Un autre mécanisme entre en jeu, poursuit-il : « la sous-estimation du pouvoir des intérêts composés ». Les intérêts engrangés chaque année sur les placements s’ajoutent au capital initial et produisent à leur tour des intérêts - un effet boule de neige. Dans cette optique, la durée d’investissement est clé. « Les épargnants ne se rendent généralement pas compte que placer 100 euros par mois de 35 à 65 ans génère un capital bien supérieur à 200 euros par mois de 50 à 65 ans », déplore l’économiste. « Attendre pour épargner est souvent un mauvais calcul. »
Parmi les séniors déjà retraités, 66 % estiment d’ailleurs qu’ils auraient dû se préparer autrement, indique l’étude Audencia-Humanis. Ils sont ainsi 33% à regretter de ne pas avoir commencé à épargner plus tôt, 12 % à expliquer ne pas avoir anticipé les coûts liés à la santé, et 13 % à penser qu’ils auraient dû soit se renseigner auprès d’un professionnel de la finance, soit suivre un stage de préparation à la retraite.
« Parmi les retraités que nous avons interrogés, ceux qui ont participé à un stage d’un ou deux jours sont en général très satisfaits, même s’ils estiment souvent qu’il était trop court », note Nils Poussielgues, responsable du programme « Comportements et vulnérabilité financière » d’Audencia Business School.
Proposés par certaines grandes entreprises (et dans la Fonction publique), ces stages abordent les questions financières, psychologiques, administratives. « Outre ce qu’ils ont appris durant ces journées, ils ont le sentiment d’avoir été mieux considérés par leur employeur, c’est important pour l’image qu’ils ont d’eux-mêmes et du passage à la retraite. »
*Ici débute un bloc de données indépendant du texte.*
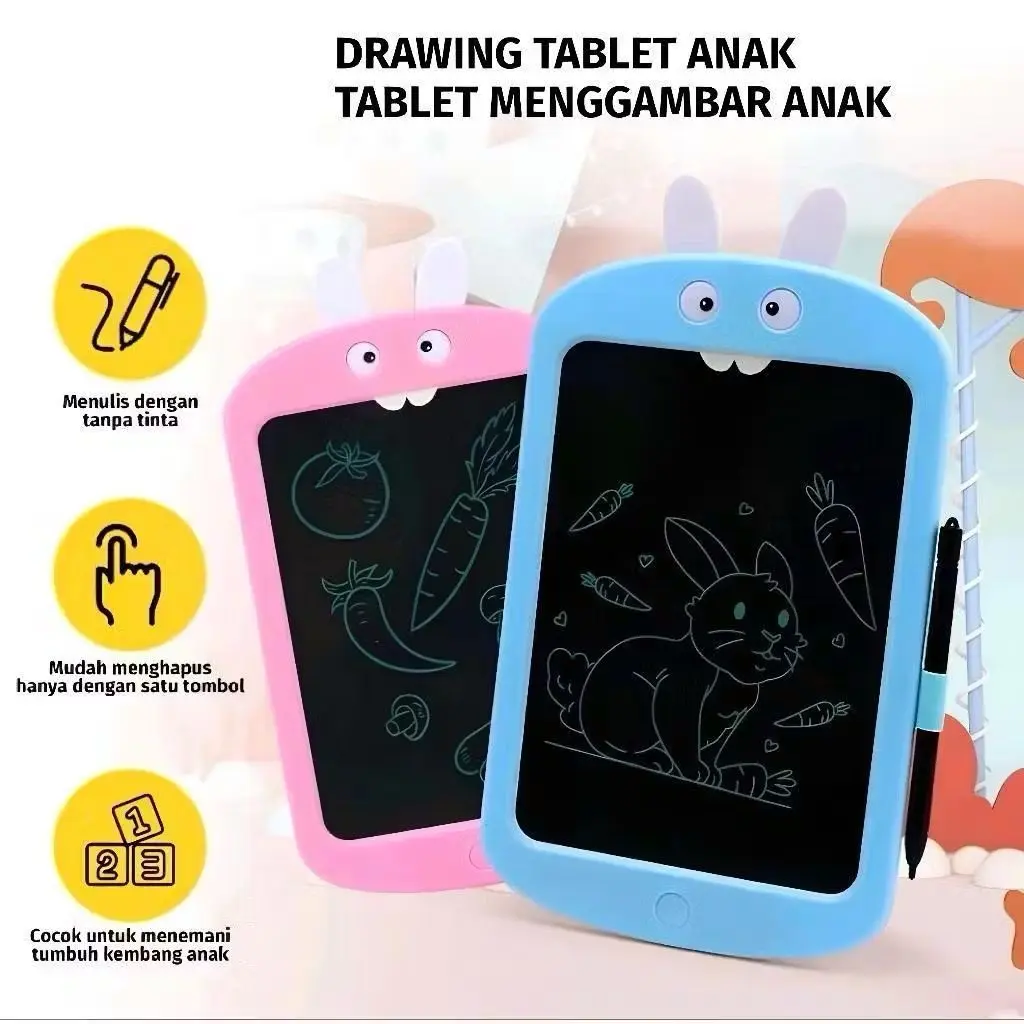 Papan Tulis Anak LCD Writing Color Board 8.5" Papan Tulis Tablet Anak / Mainan Edukasi Anak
Et préparer sa retraite, ce n’est pas seulement épargner, ajoute de son côté Frédéric Roullier, directeur retraite au sein du groupe de protection sociale Humanis. « Peu d’actifs ont conscience de l’impact sur leurs pensions des décisions professionnelles et personnelles prises au fil de leur vie, même jeunes », regrette-t-il.
Passer à temps partiel, s’expatrier, faire une pause, plus ou moins longue, devenir auto-entrepreneur, choisir un statut de dirigeant d’entreprise permettant de payer moins de charges, etc. : autant de décisions qui influeront sur ce que vous percevrez à la retraite. « Ce qui prime, c’est d’en être conscient et de prendre ses décisions en toute connaissance de cause », insiste M. Roullier. « Dommage que parmi les plus jeunes, beaucoup préfèrent éluder le sujet en se disant, à tort, que de toutes façons ils n’auront pas de retraite », conclut-il.
Enfin, une bonne nouvelle : le niveau de vie des retraités dépasse celui de l’ensemble de la population d’environ 6 %. Le ratio est toutefois amené à se dégrader progressivement dans les décennies à venir, rappelle le dernier rapport du Conseil d’orientation des retraites (COR), publié le 14 juin. Selon les projections, le niveau de vie des retraités (calculé en divisant le revenu disponible d’un ménage, prestations sociales et revenus du patrimoine compris, par le nombre d’unités de consommation du foyer) devrait être en 2040 de 5 % à 11 % inférieur à celui de la population.